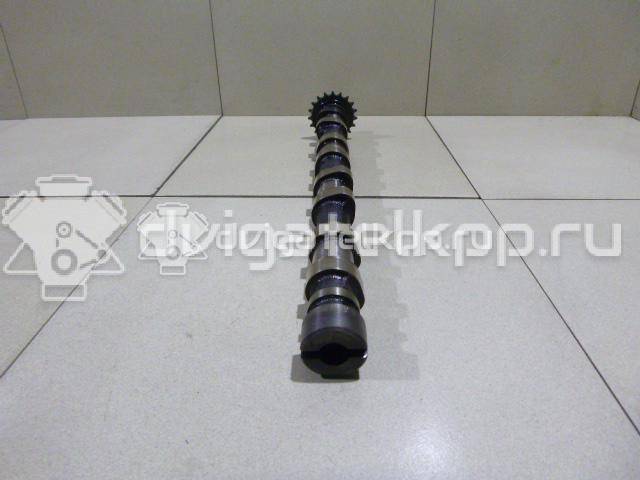 Фото Распредвал впускной для двигателя 224DT для Land Rover Freelander / Range Rover / Discovery 150-190 л.с 16V 2.2 л Дизельное топливо LR021913 {forloop.counter}}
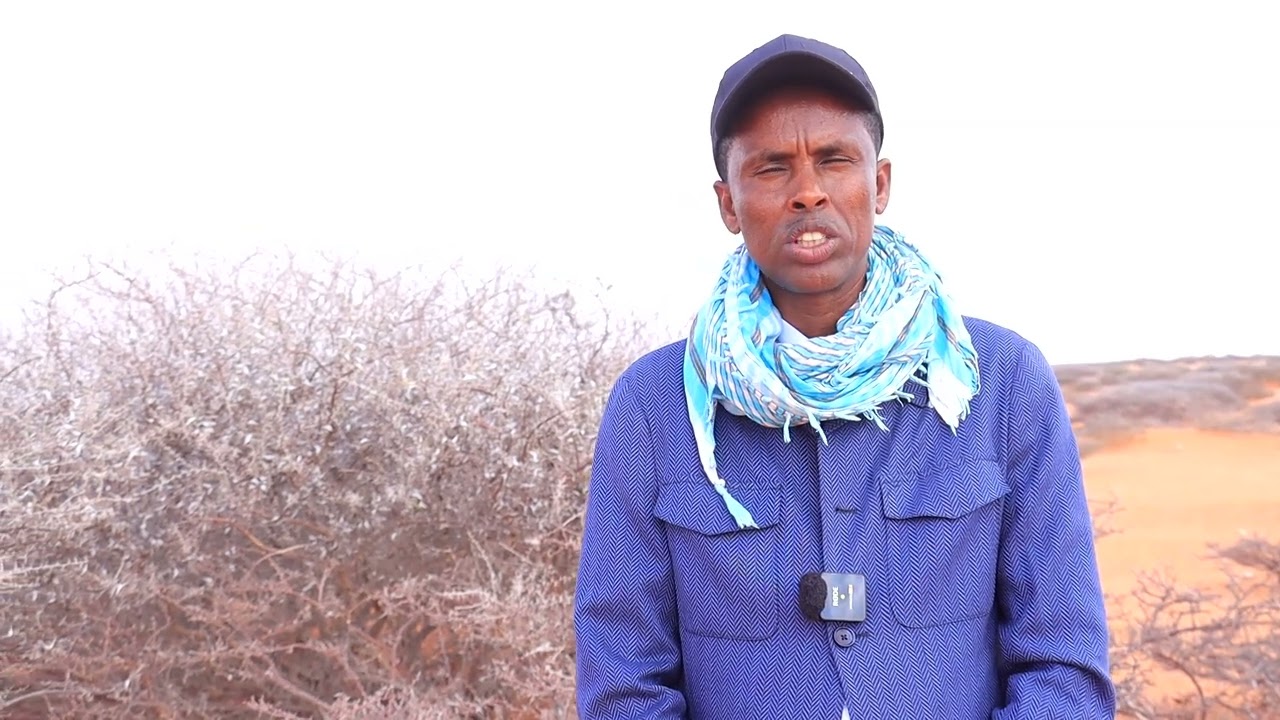 Wasaaradda Gargaarka Dowlad Goboleedka Galmudug oo shaacisay abaaro saameyn xooggan ku yeesheen.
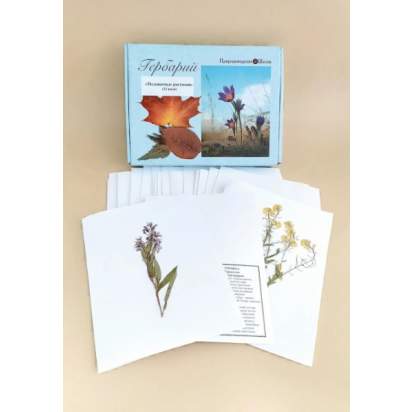 Гербарий «Медоносные растения»_1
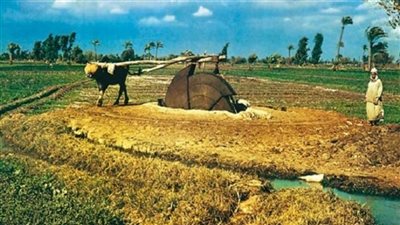 موجة حر شديدة تهدد المحاصيل الزراعية.. الحكومة تتصدي لـ 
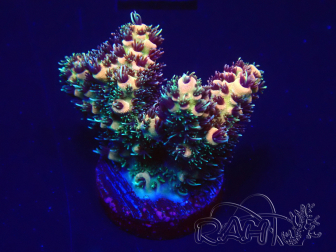WYSIWYG Acropora 15F11 Mariculture acclimaté led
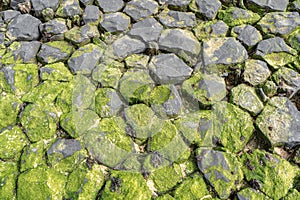 Close-up of rocks with green algae at the Dutch coast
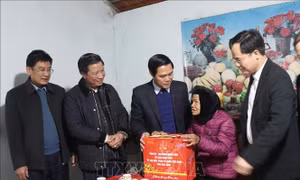 Tết Bính Ngọ sẻ chia yêu thương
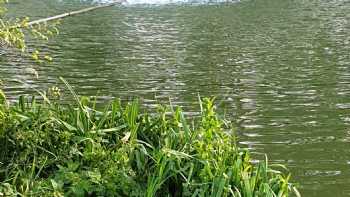 Weston Pools Fishery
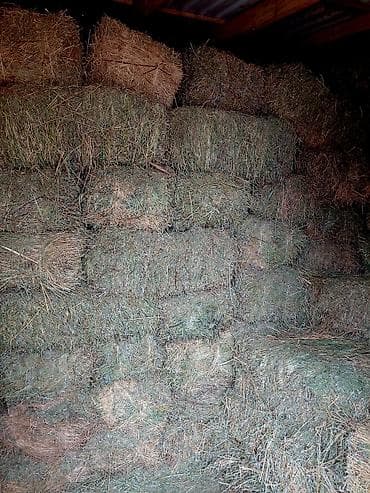 кукурузные качерыжки: Беде сатылат. 
420 сом. адрес калыс ордо — 2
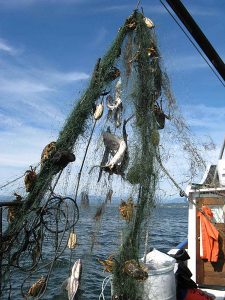 Derelict Fishing gear being removed from the ocean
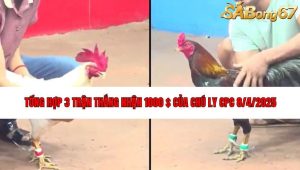 3 trận thắng của chú Ly Campuchia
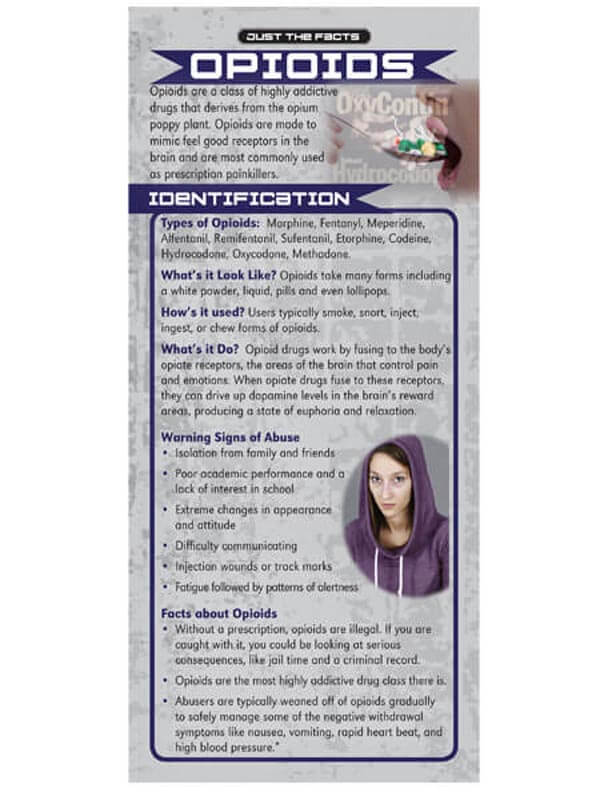 Just The Facts Rack Cards: Opioids 2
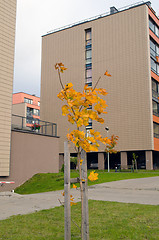 Image showing small colorful tree modern flat houses autumn 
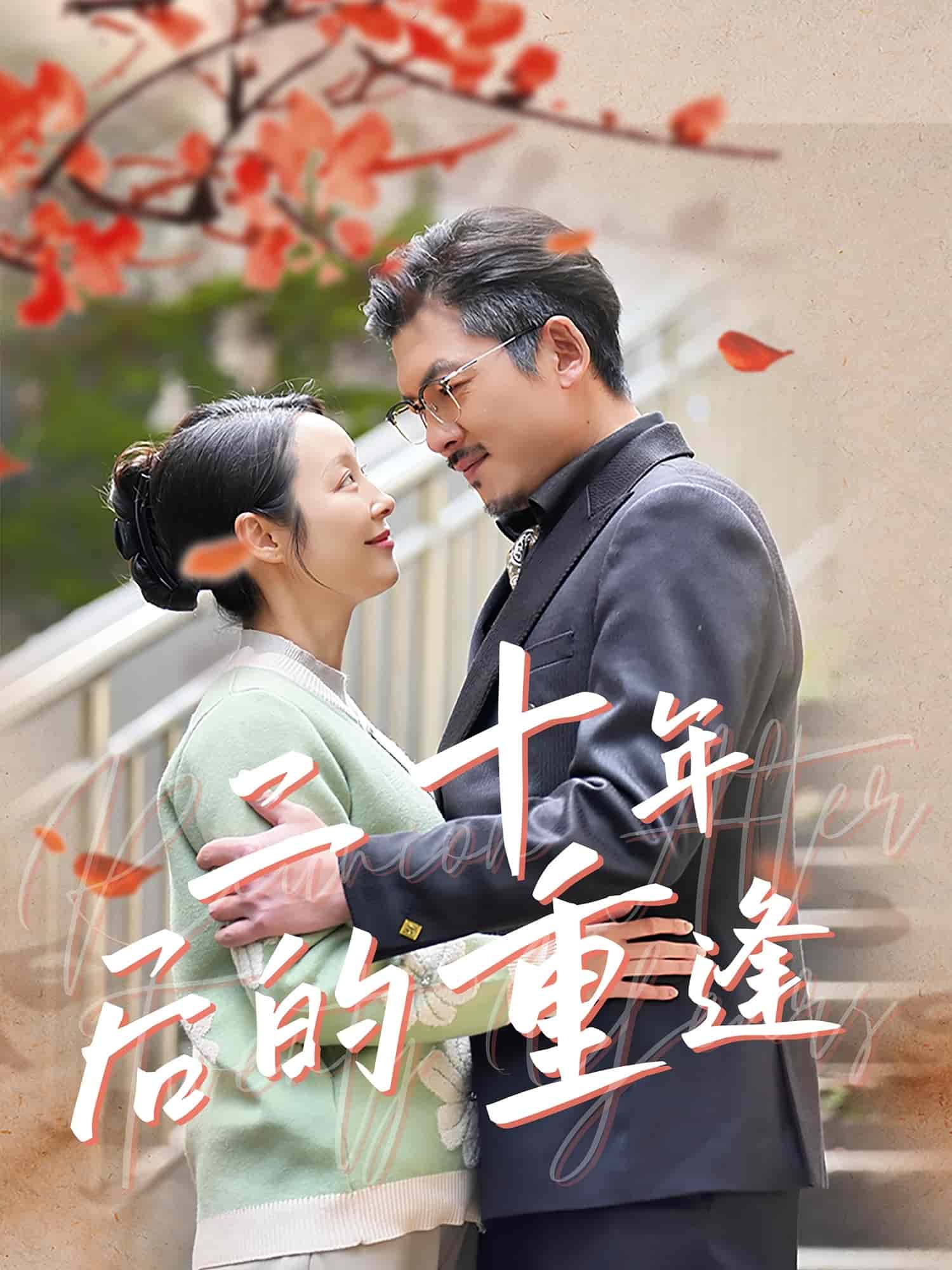 二十年后的重逢(全集)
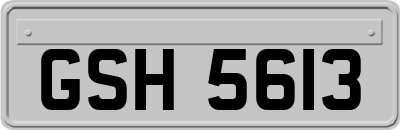 GSH5613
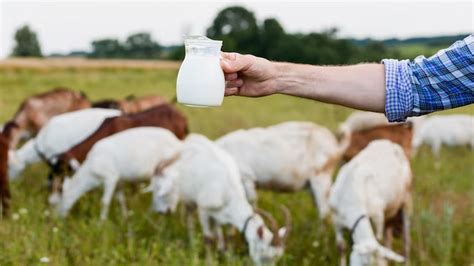 What Are The Health Benefits of Sheep Milk? – NutritionFact.in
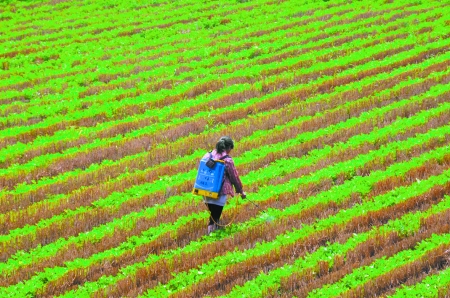 6月28日，內(nèi)黃縣東莊鎮(zhèn)馬固村農(nóng)民在花生地里噴施農(nóng)藥。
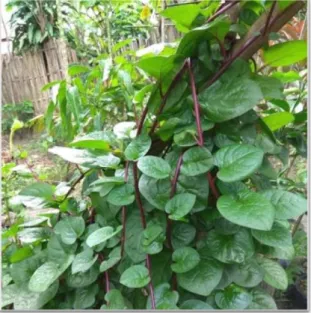 Gambar  3.  Foto  Tumbuhan  Daun  Binahong  (Anredera  cordifolia  (Ten)  Steenis) 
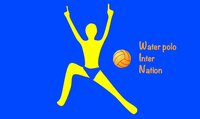 WaterPolo Inter Nation screenshot, image №2768292 - RAWG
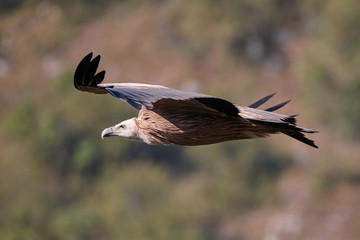 Griffon vulture, Eurasian griffon (Gyps fulvus) vulture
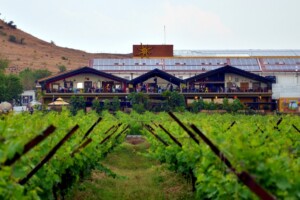 Landskapsbild på Sula Vineyards vingårdar och vineri, tasting room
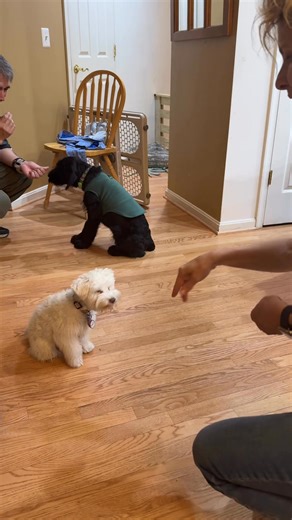 Sometimes a pup will surprise me with a new skill, even after all these years of working with puppies. 🥰Nutella, the white mini Schnauzer pup, was making me laugh this past weekend with her “look at me scooting back on my butt while my cute little front paws dance” moves! | PuppyK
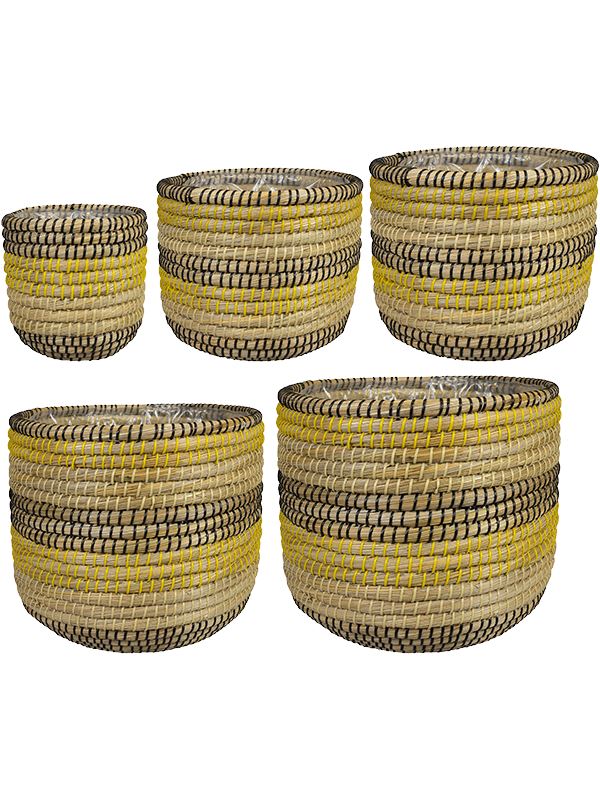 Jane Plant Pot 31cm Height cm Dia Pot Savana (set of 5)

• The task
Write the records out again in full, exactly, and skip every picture.

• Response area
 Фото Распредвал впускной для двигателя 224DT для Land Rover Freelander / Range Rover / Discovery 150-190 л.с 16V 2.2 л Дизельное топливо LR021913 {forloop.counter}}
 Wasaaradda Gargaarka Dowlad Goboleedka Galmudug oo shaacisay abaaro saameyn xooggan ku yeesheen.
 Гербарий «Медоносные растения»_1
 موجة حر شديدة تهدد المحاصيل الزراعية.. الحكومة تتصدي لـ 
WYSIWYG Acropora 15F11 Mariculture acclimaté led
 Close-up of rocks with green algae at the Dutch coast
 Tết Bính Ngọ sẻ chia yêu thương
 Weston Pools Fishery
 кукурузные качерыжки: Беде сатылат. 
420 сом. адрес калыс ордо — 2
 Derelict Fishing gear being removed from the ocean
 3 trận thắng của chú Ly Campuchia
 Just The Facts Rack Cards: Opioids 2
 Image showing small colorful tree modern flat houses autumn 
 二十年后的重逢(全集)
 GSH5613
 What Are The Health Benefits of Sheep Milk? – NutritionFact.in
 6月28日，內(nèi)黃縣東莊鎮(zhèn)馬固村農(nóng)民在花生地里噴施農(nóng)藥。
 Gambar  3.  Foto  Tumbuhan  Daun  Binahong  (Anredera  cordifolia  (Ten)  Steenis) 
 WaterPolo Inter Nation screenshot, image №2768292 - RAWG
 Griffon vulture, Eurasian griffon (Gyps fulvus) vulture
 Landskapsbild på Sula Vineyards vingårdar och vineri, tasting room
 Sometimes a pup will surprise me with a new skill, even after all these years of working with puppies. 🥰Nutella, the white mini Schnauzer pup, was making me laugh this past weekend with her “look at me scooting back on my butt while my cute little front paws dance” moves! | PuppyK
 Jane Plant Pot 31cm Height cm Dia Pot Savana (set of 5)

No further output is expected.